(PROBLEM STATEMENT)
From the data below, return only the lines from the one with "Иллюстрация к книге" through the one with "Partial denture upper", exact and inclusive, with pictures left out.

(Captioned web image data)
──────

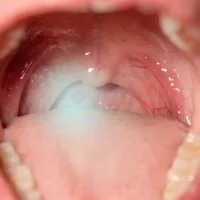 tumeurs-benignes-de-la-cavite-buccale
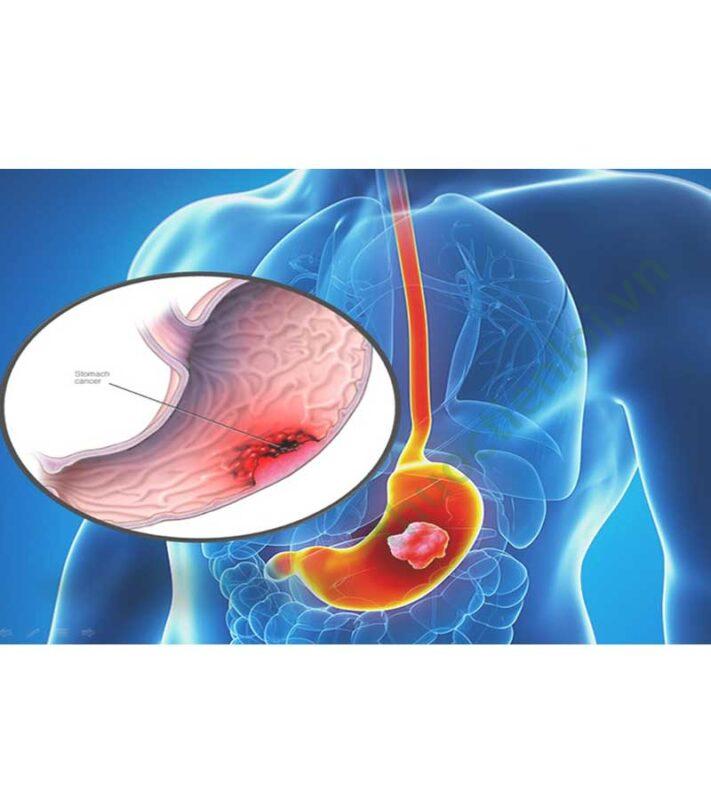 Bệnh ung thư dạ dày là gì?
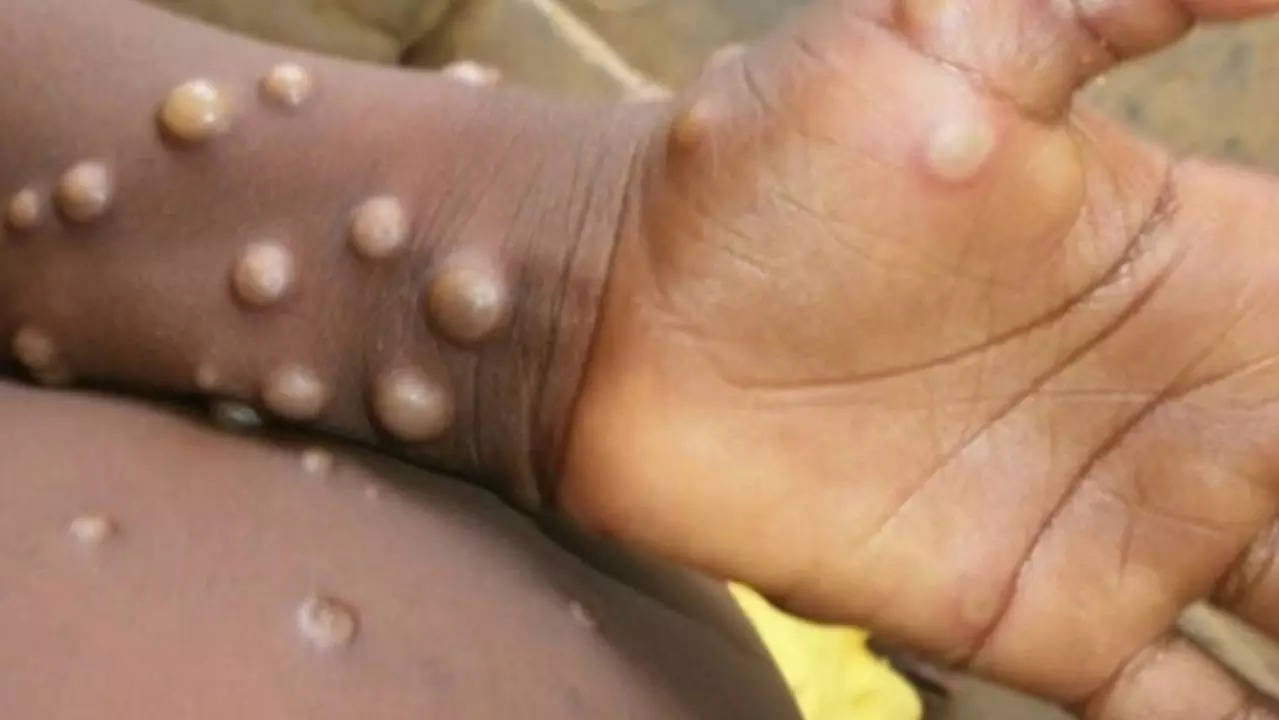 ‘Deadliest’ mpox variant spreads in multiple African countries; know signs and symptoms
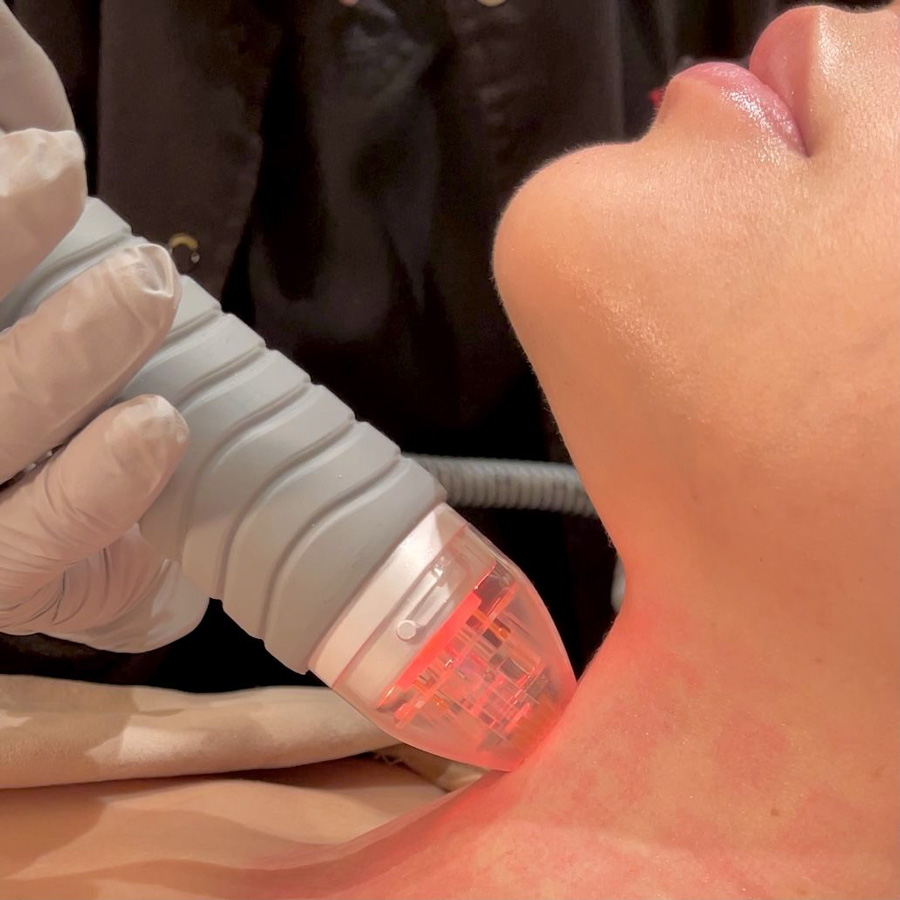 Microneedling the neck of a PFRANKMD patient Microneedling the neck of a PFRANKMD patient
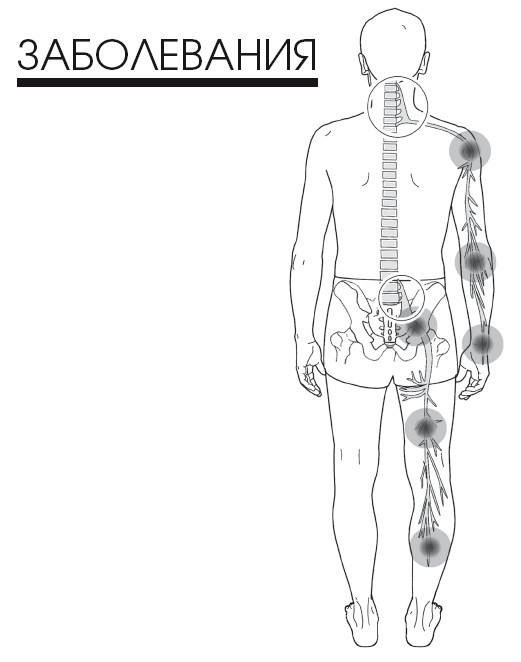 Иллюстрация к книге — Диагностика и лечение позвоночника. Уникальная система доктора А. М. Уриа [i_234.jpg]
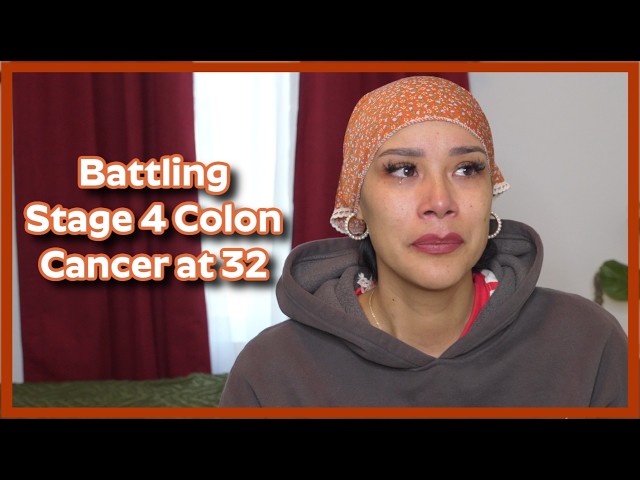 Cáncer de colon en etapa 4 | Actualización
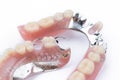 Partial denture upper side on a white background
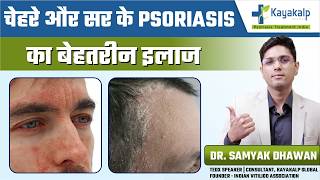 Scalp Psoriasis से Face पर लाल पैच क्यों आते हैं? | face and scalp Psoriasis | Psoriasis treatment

──────

(SOLUTION BELOW)
 Иллюстрация к книге — Диагностика и лечение позвоночника. Уникальная система доктора А. М. Уриа [i_234.jpg]
 Cáncer de colon en etapa 4 | Actualización
 Partial denture upper side on a white background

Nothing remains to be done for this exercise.